俺は簡単にそう打つと、メールを送信した。

すると、意外なことに返信があった。


”初めてメールしてくれたね!
 何があったのかはよく分からないけど、分かった♪”


・・・くそっ!!

メールでも、京香は嘘の笑顔を作ってやがる!!

どうして、誰も・・・誰も本当の京香に気づいてやれなかったんだ!!

こんなにも・・・こんなにも無理してるじゃねーか。

俺は、そう思うと、悔しさと同時に苛立ちが芽生えた。

もう少しで、線路に自分のスクールバックを投げる・・・という時になって聞きなれた声が後ろから聞こえた。

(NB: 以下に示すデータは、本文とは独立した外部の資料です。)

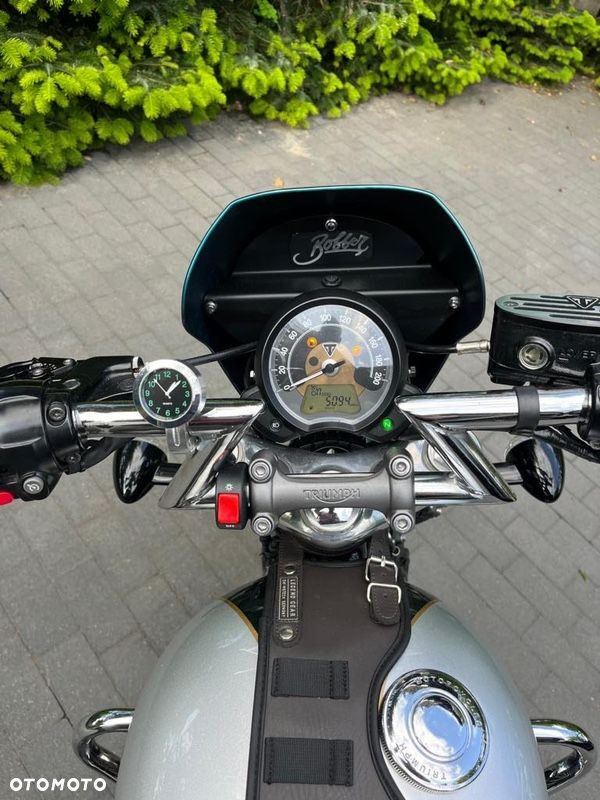 Triumph Bonneville Bobber - 4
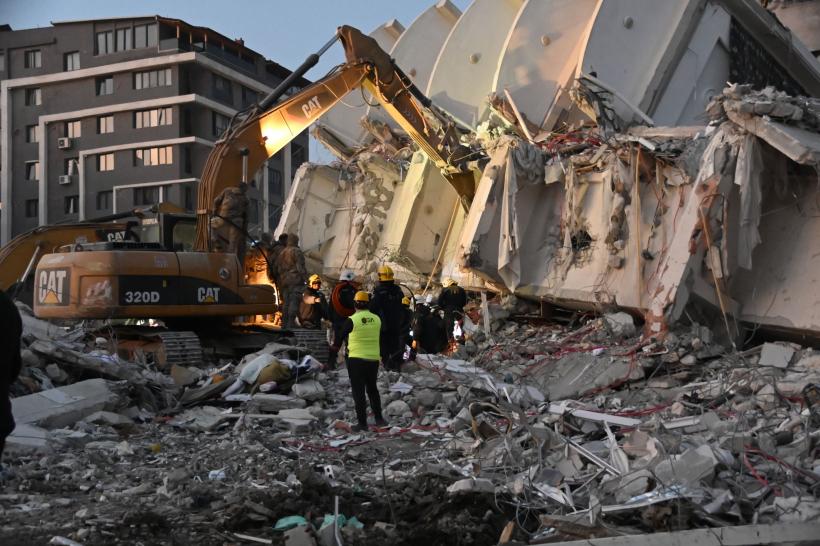 Probleme de securitate și vreme rea: China își retrage echipele de căutare-salvare din Siria 18825351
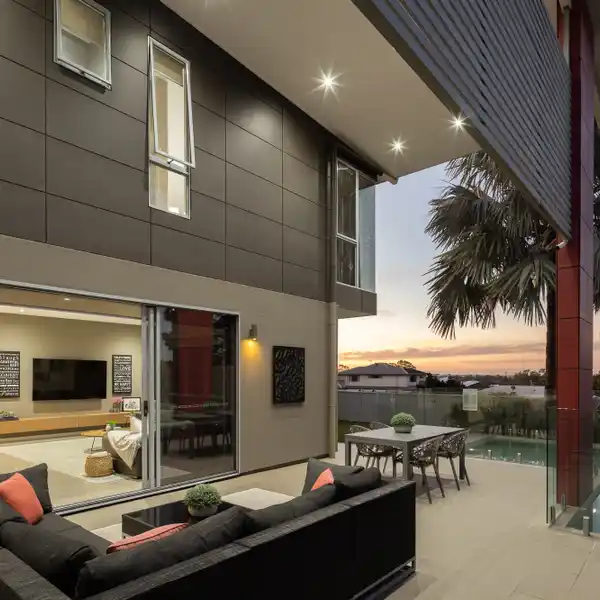 CONTEMPORARY DESIGN WITH TIMELESS ELEGANCE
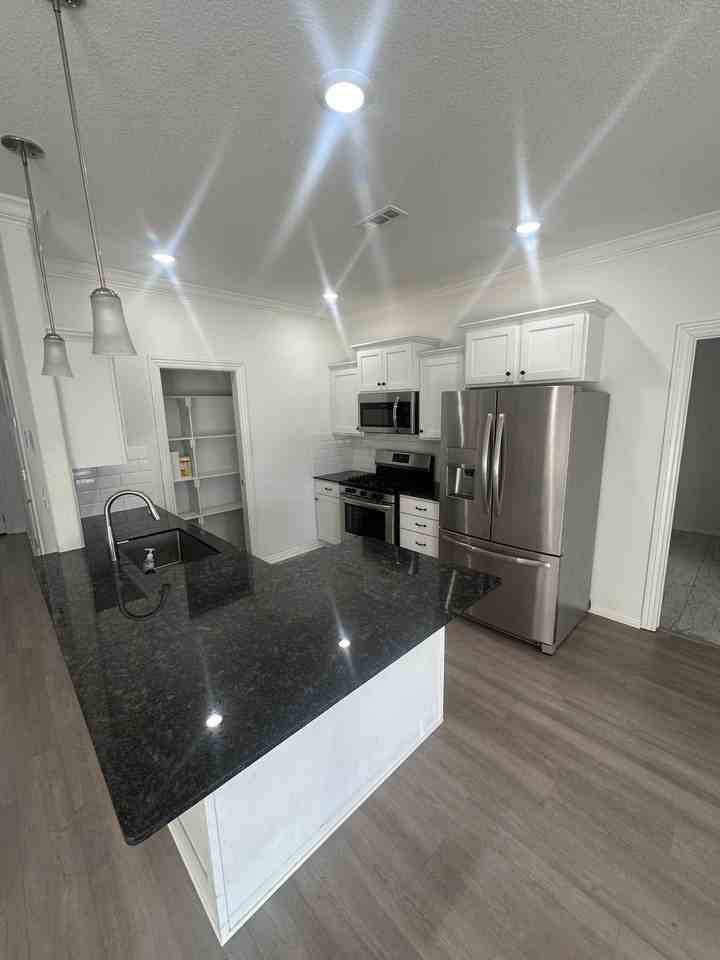 1021 Lakeview Dr #NA - Photo 5 of 21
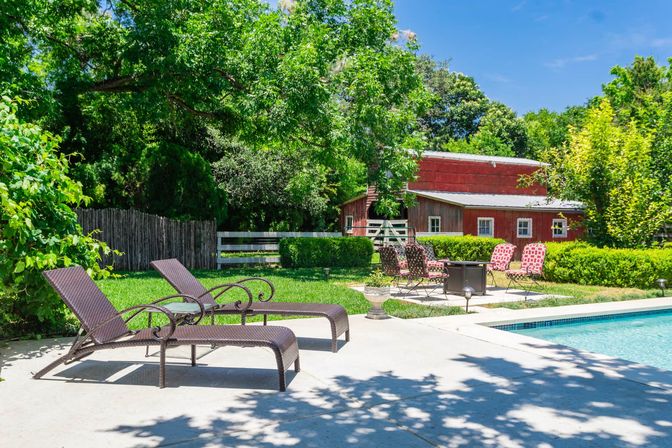 Sweet Escape: Historic 3500 sq ft Luxury Estate: Heated Pool, Hot Tub & Walkable to Main St image 37
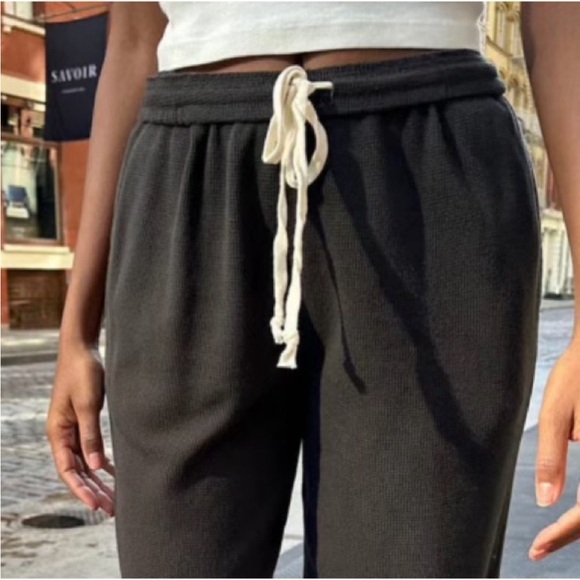 NWT Brandy Melville Anastasia Waffle Sweatpant - Picture 4 of 4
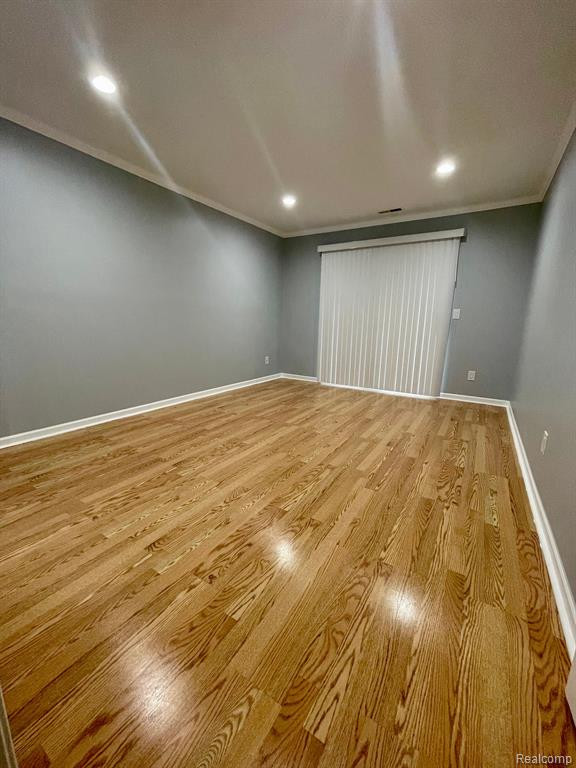 42927 RICHMOND Drive, Sterling Heights, MI 48313 — Photo 25
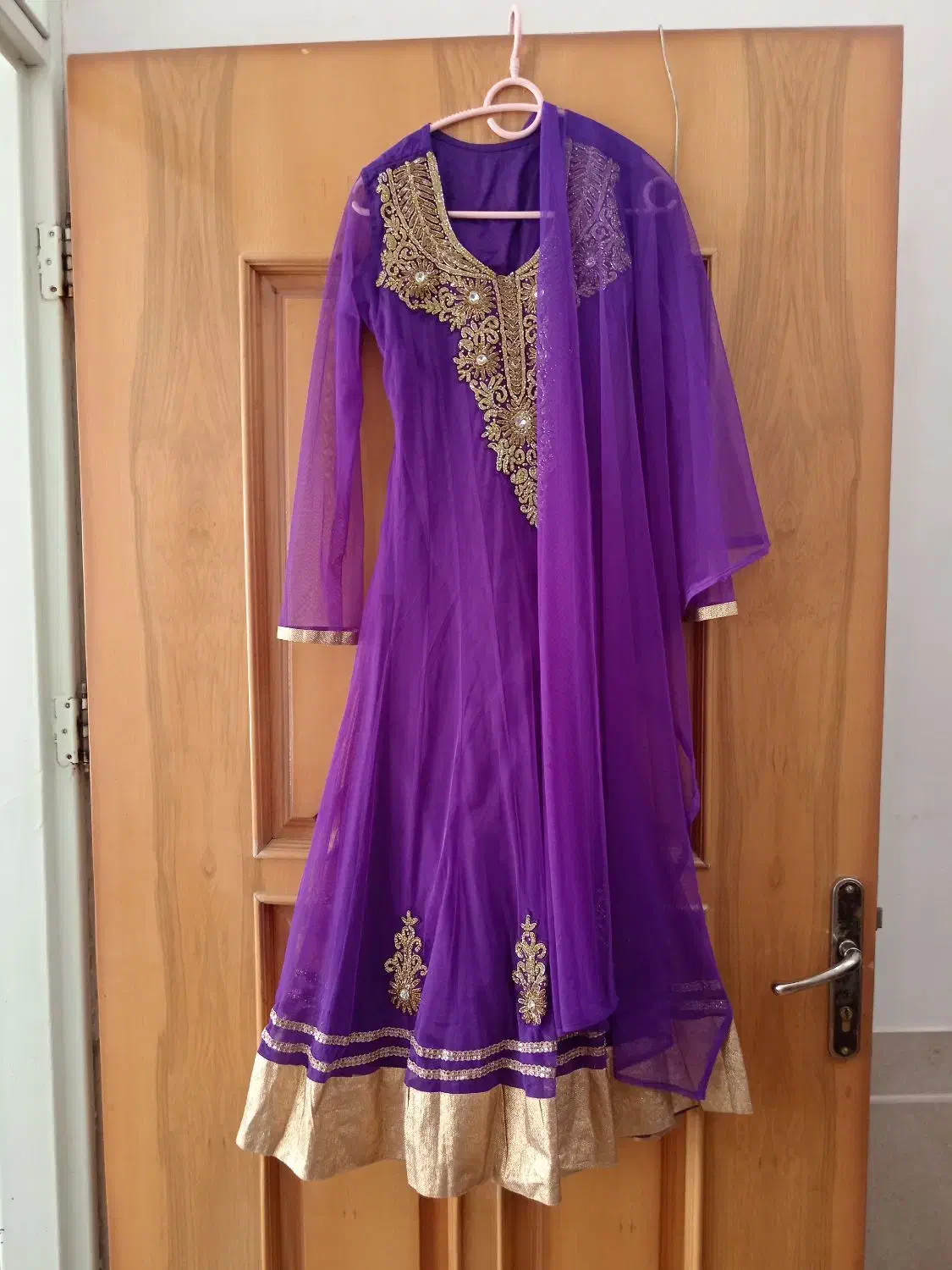 لباس مجلسی در حد نو|لباس|نجفآباد, ولیعصر|دیوار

俺は慌てて投げそうになっていた鞄を足元に落とし、振り返った。


「凛。」

「よ!!」


そこには凛が立っていた。

ニヤニヤしてるわけでもなく、かと言って真剣な顔をしているわけでもない、凛がいた。

あれ?凛久の後ろに見慣れた髪型の美少女が・・・。

わお!!美香じゃん!!


「美香もいるじゃん!!」

「わ、悪い!?あたしもたまたまこっち方向だったのよ!!」

「篠原、嘘はよくないぞ?お前、南方面じゃねーか。」

「ちょ、それは・・・!!!」


美香は相変わらず凛の前で赤面しながらもごもごと口籠っている。

そんな様子を見ていると、なんだか先ほどまでの気分が落ち着いてきた。

・・・あれ?さっきとは違う胸騒ぎが・・・。

そう思うと、なんか物凄い殺気を感じてきたのですが気のせいですか?

気のせいですよね?

誰か気の所為って言ってください!!



















「れーくん・・・私の存在を忘れるとはいい度胸をしてますね?」


しかし、俺のそんな思いもむなしく、殺気は気のせいではなかったのだ。